Sickle cell disease is the most common genetic disease that is particularly prevalent in the sub-Saharan region. 20 % of Ugandans have this genetic trait. Upon the onset of the disease, the life expectancy and quality of life of those affected are considerably reduced.
While much emphasis is placed on the prevention of sickle cell disease, a huge gap remains in the management of the disease with several patients detailing harrowing tales of what they go through.
Josephine Esisa is hoping to bridge this gap through her non-profit organization Rare Mark Foundation.
“I would like to be able to help change that narrative for them. It’s a genetic disorder, so why would one suffer for something that they had no control over.”Says Josephine.
Josephine says coming from a family of medics, protected her from traumatic hospital experiences that other warriors go through when seeking medication at health facilities. Whenever she was sick, she got home treatment, however, on the rare occasions she visited the hospital, the glaring reality of what other warriors face hit home hard.
“Whenever I went to the hospital, I never liked the treatment. I was either neglected, the pain was minimized or I was not heard, and that is what the people who did not have the privilege that I had got to experience daily.”
The polarity of this experience got her thinking, about why should it be different for her and them.
“We already have so many organizations that are creating awareness around sickle cell but they are talking about the part of prevention, but no one is advocating for those already living with the disease ”
Josephine and her co-founder Don Magezi initially launched a social media group for sickle cell warriors in 2020, with the sole purpose of creating awareness online. “But then, while interacting with different people, we saw that there was a serious need for something bigger than just an online rise up. So from then on, we created a support group for sickle cell warriors that was giving them a community where they can engage with themselves and give themselves advice and know that they are not alone in regards to being a sickle cell warrior”.

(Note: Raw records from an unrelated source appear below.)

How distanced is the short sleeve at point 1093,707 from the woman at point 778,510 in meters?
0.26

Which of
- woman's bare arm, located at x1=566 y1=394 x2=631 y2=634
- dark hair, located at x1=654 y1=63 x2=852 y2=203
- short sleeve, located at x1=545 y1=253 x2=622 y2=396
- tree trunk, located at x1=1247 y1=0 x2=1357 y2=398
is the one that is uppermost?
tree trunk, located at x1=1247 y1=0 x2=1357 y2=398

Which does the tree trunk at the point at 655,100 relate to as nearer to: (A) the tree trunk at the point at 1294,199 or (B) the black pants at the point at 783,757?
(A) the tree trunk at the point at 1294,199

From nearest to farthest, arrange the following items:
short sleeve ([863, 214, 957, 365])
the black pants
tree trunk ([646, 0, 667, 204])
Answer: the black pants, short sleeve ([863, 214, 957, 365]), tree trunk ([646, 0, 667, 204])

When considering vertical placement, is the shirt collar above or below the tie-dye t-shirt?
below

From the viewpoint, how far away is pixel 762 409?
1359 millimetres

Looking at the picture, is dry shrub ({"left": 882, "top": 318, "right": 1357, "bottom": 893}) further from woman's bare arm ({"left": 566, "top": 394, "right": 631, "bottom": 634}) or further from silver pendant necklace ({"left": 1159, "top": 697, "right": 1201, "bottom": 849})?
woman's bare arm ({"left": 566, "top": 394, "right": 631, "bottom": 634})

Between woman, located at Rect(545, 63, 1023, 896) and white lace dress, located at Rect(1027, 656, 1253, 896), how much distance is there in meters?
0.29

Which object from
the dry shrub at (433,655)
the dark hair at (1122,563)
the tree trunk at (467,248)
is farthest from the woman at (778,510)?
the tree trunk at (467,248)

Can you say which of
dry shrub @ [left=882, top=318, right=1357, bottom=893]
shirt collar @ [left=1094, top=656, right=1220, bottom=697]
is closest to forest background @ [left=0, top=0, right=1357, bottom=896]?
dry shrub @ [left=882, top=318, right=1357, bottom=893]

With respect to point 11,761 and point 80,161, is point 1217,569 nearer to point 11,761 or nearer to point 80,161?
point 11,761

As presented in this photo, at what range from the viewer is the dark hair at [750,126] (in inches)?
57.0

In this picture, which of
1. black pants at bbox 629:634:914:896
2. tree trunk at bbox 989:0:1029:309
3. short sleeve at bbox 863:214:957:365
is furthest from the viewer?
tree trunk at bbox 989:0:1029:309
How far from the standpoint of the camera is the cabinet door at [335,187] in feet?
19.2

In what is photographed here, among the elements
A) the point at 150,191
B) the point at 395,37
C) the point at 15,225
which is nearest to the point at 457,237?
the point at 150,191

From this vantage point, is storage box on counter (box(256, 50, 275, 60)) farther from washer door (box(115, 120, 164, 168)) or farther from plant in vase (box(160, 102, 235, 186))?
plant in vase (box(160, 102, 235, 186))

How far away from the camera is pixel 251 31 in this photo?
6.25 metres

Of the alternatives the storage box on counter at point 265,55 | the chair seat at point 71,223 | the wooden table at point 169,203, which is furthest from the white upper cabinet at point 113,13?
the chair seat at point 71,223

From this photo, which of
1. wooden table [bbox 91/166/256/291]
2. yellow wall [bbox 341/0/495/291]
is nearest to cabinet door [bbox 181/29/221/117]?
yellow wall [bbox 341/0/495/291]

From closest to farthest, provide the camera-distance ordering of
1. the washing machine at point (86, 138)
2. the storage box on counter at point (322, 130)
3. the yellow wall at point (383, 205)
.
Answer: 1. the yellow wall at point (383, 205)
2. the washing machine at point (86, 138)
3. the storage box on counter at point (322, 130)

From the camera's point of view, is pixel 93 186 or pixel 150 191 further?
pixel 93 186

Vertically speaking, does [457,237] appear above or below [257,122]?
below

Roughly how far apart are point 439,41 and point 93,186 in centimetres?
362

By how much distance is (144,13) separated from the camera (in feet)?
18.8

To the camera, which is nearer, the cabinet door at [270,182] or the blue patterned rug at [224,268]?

However, they witnessed tremendous growth in the number of people that has since pushed them to launch a foundation.
Raremark Foundation Uganda is a non-profit organisation building a community for Sickle Cell warriors, and advocates for people affected and living with Sickle Cell Disease. Through their program S for Sickle Cell they carry out activities that sensitise, create awareness, and educate the public on this chronic illness. Through their activities they have created a support group for Sickle Cell Warriors in Uganda, that provides physical, emotional and psycho-social support to those under their program. Those under the program get to have weekly support group therapy sessions to help with their mental health and direct connections to medical doctors that are understanding of the condition, while having to lean on each other during times of a crisis, because they believe “people need people”
They currently have over 30 patients and caretakers under their program.
On the downside, this exponential growth means a strain on their resources.
To overcome this challenge, and in line with this year’s National Sickle Cell Awareness Month theme, “Sickle Cell Matters,” they launched the #30in30 campaign to raise30 million Ugandan Shillings this month. Josephine says the funds will be used to bring closer healthcare, provide financial support to warriors in need, expand the support group and include caretakers as well, carry out out-reaches that will not only sensitise but educate the rural and urban communities on Sickle Cell Disease, while making the life of a warrior so much easier.
“Many people need access to medical care, access to mental health, and even more form of support. So that’s where we got the need for the fundraising campaign. We are also looking for partnerships in form of health care that will provide an essential guide on medication, treatment and more.”
Besides funding, Josephine says, finding the right health care partners that are very understanding, patient and empathetic, towards the vigils remain a challenge and the negative attitude some parents show in providing help to their children. “Most people say the life span of someone living with sickle cell is like a year or 3 years. But you can live long, if it’s managed properly.”
In future, she looks forward to extending the foundation’s campaigns beyond Kampala, to different parts of Uganda, especially in rural areas, creating Sickle Cells disease advocates, providing proper home care services, and reaching out to more medical practitioners. “In the event we manage to change the perspective that doctors and medical practitioners have on sickle cell warriors, the perspective that sickle cell warriors have will also change.”